Whenever I travel, I reflect on how I am going to return. Every-time I start, I think about the end. So when I was coming to Taiwan, I spent about half of my time thinking about coming back from Taiwan. Typically these thoughts focus on life's lack of progression. I focus on me taking the same bus back and going in the opposite direction of my arrival.
Typically when I return I reflect on these thoughts with a sad acceptance. Even when I have developed personally, I feel that I have not developed professionally. When I feel I have developed professionally, I have not developed personally. Yet, this time, perhaps it is appropriate that leaving Taiwan, I went up a different coast to go to new places. I really feel I have changed during this year and that I have used this year.
PTI: I cannot understand the old man sitting next to me. His accent is intense and it is clear he is used to Taiwanese. I felt bad but the stewardess is also having a hard time.
So with that, I am going to start the potentially painful process of reading my early blog entries from when I first came to Taiwan and reflect on some of the more interesting things.

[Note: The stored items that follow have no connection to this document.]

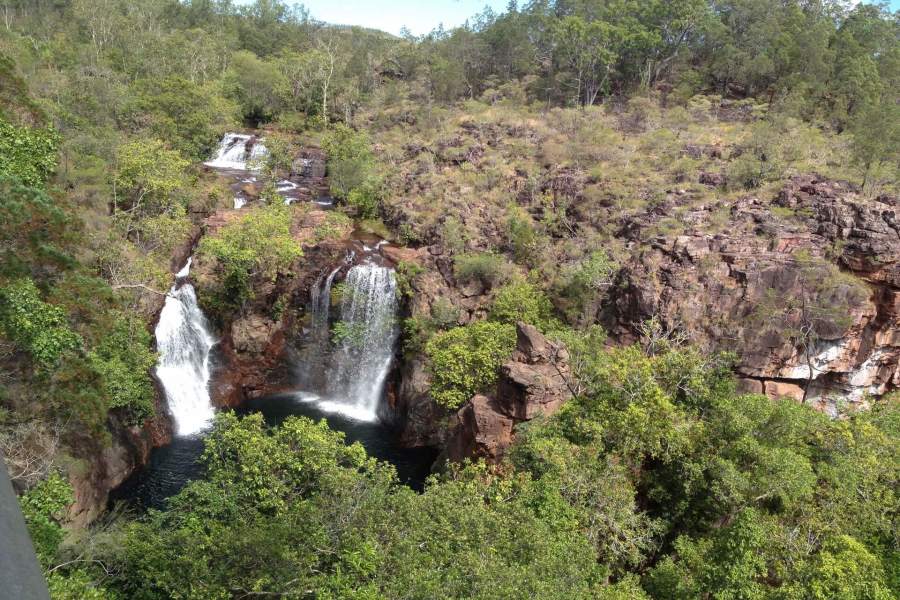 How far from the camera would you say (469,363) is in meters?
26.6

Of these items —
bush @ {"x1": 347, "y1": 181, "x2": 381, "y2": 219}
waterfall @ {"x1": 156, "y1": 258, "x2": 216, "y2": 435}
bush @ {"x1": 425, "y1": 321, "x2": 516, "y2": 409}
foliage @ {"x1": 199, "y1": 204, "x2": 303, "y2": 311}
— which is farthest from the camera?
bush @ {"x1": 347, "y1": 181, "x2": 381, "y2": 219}

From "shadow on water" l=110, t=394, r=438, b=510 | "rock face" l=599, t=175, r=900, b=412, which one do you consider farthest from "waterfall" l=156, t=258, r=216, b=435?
"rock face" l=599, t=175, r=900, b=412

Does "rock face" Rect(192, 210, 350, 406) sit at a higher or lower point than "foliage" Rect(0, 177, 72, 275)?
lower

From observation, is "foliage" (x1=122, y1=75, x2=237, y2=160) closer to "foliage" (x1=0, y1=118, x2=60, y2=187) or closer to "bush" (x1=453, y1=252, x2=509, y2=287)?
"bush" (x1=453, y1=252, x2=509, y2=287)

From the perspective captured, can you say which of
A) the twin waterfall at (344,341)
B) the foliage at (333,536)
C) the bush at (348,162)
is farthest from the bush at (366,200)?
the foliage at (333,536)

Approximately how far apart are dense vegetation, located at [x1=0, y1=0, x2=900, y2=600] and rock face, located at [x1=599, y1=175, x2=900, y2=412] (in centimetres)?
163

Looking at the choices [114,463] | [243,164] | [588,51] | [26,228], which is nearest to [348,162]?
[243,164]

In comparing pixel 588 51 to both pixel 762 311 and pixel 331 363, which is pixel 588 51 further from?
pixel 331 363

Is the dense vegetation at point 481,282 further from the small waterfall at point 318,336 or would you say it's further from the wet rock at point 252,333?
the small waterfall at point 318,336

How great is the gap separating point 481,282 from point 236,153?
3015 cm

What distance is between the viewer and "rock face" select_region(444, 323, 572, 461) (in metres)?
23.5

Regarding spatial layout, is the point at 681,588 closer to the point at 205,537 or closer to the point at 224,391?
the point at 205,537

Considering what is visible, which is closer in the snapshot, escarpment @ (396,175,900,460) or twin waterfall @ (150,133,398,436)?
escarpment @ (396,175,900,460)

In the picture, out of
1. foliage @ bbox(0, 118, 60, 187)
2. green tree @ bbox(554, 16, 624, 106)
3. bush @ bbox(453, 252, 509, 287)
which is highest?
green tree @ bbox(554, 16, 624, 106) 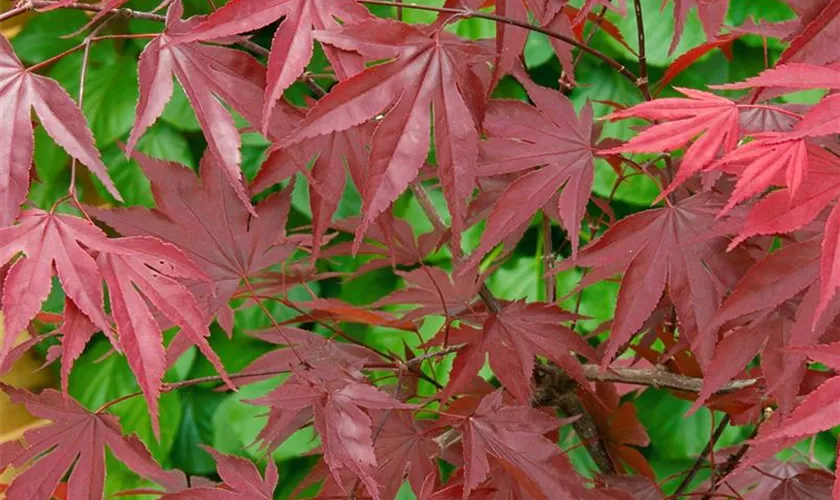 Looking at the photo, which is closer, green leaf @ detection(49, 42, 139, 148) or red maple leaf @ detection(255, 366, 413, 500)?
red maple leaf @ detection(255, 366, 413, 500)

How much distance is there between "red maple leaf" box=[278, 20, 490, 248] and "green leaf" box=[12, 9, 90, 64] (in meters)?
1.02

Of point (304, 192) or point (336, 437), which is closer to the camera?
point (336, 437)

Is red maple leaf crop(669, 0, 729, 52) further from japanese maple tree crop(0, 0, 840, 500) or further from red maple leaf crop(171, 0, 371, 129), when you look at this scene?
red maple leaf crop(171, 0, 371, 129)

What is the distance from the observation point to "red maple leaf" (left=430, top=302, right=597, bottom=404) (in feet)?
2.10

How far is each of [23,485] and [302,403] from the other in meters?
0.19

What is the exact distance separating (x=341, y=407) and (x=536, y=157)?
0.19 meters

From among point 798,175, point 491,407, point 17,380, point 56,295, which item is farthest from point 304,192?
point 798,175

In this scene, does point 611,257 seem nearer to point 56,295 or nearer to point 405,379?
point 405,379

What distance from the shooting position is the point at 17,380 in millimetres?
1494

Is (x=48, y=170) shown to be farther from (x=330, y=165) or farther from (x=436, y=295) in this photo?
(x=330, y=165)

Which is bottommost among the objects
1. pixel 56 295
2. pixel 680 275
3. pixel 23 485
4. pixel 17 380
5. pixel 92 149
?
pixel 17 380

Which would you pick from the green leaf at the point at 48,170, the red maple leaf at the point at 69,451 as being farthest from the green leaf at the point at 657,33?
the red maple leaf at the point at 69,451

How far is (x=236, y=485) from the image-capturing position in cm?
58

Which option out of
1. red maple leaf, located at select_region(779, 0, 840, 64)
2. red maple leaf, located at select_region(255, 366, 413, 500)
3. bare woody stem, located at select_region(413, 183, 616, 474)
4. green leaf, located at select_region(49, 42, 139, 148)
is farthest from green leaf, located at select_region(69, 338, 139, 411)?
red maple leaf, located at select_region(779, 0, 840, 64) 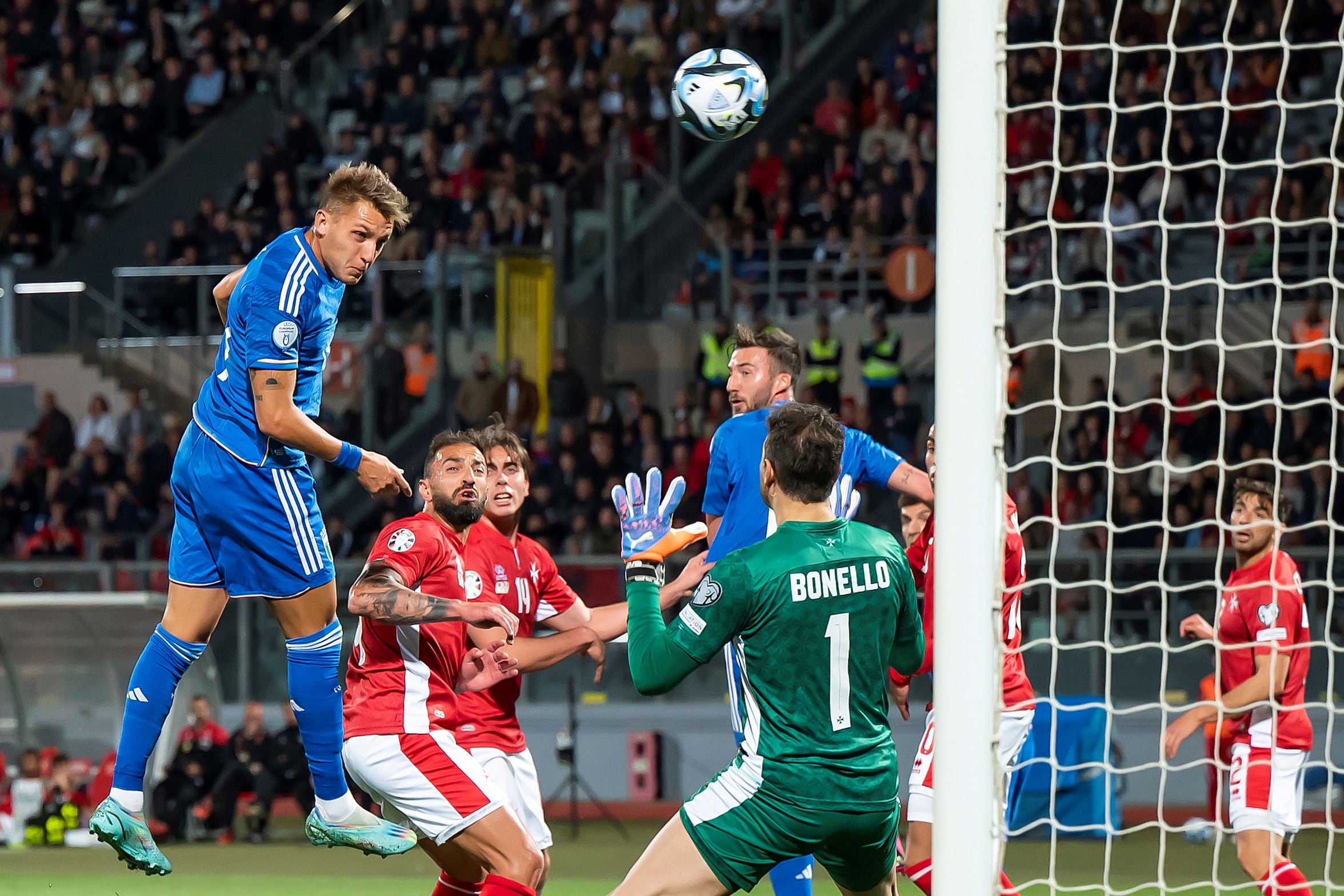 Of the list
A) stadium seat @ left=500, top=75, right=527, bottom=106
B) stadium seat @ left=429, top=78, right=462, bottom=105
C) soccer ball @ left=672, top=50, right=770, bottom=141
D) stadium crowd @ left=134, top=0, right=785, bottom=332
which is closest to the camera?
soccer ball @ left=672, top=50, right=770, bottom=141

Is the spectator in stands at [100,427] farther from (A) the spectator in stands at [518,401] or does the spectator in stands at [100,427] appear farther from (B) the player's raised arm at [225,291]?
(B) the player's raised arm at [225,291]

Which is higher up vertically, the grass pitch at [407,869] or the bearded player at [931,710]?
the bearded player at [931,710]

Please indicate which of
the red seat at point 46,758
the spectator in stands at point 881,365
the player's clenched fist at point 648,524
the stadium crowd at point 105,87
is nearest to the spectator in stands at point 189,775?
the red seat at point 46,758

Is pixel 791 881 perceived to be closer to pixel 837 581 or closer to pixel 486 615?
pixel 486 615

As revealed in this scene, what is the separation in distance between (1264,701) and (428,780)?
3288 mm

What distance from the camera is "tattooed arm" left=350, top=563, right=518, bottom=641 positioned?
5484 mm

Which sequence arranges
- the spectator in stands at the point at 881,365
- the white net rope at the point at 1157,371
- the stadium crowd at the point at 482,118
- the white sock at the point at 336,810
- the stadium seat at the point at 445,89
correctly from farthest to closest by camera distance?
the stadium seat at the point at 445,89 → the stadium crowd at the point at 482,118 → the spectator in stands at the point at 881,365 → the white net rope at the point at 1157,371 → the white sock at the point at 336,810

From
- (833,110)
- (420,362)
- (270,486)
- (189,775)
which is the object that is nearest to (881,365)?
(420,362)

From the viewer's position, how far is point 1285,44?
4.91m

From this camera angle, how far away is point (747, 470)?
21.4 feet

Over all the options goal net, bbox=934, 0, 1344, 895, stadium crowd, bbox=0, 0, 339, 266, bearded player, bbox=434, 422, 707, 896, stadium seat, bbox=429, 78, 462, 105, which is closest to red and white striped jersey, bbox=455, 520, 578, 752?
bearded player, bbox=434, 422, 707, 896

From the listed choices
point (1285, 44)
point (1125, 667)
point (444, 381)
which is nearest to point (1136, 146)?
point (1125, 667)

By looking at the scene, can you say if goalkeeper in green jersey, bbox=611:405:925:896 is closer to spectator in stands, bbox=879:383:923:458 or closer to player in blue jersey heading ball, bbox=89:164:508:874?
player in blue jersey heading ball, bbox=89:164:508:874

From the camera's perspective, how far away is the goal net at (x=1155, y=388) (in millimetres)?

"The only traffic laws of any consequences [are] the laws of physics." This is a weird quote for me to look back on because i feel like I just read something a bit eye opening. I forgot how crazy Tainan traffic really is. Driving it everyday, especially driving as much as I did (probably an hour a day), really got me acclimatized to the laws of Tainan traffic - do what you can. Outside of the true freaks, I came to more or less accept some of the most insane driving decisions. If someone pulled into my way, I just pulled out. No harm, no foul. I must say I became pretty adept on a scooter (at least judged by defensive driving).
PTI: In Hong Kong, waiting for Allison.
At one point I refer to Englished Chinese as "Romanji," a clear result of having grown up liking Japan. Coming to Taiwan was really somewhat of a surprise. I had all the affection in the world for Japan, but I ended up in Taiwan. Its funny how much the rather random decision to do Taiwan shaped my life. Now I am completely focused on China in my future. This was not really a wrong or right decision. I bet if I had done Japan, I would have the same passion for Japan in my future. It is simply how things went. I am glad with the way things went though.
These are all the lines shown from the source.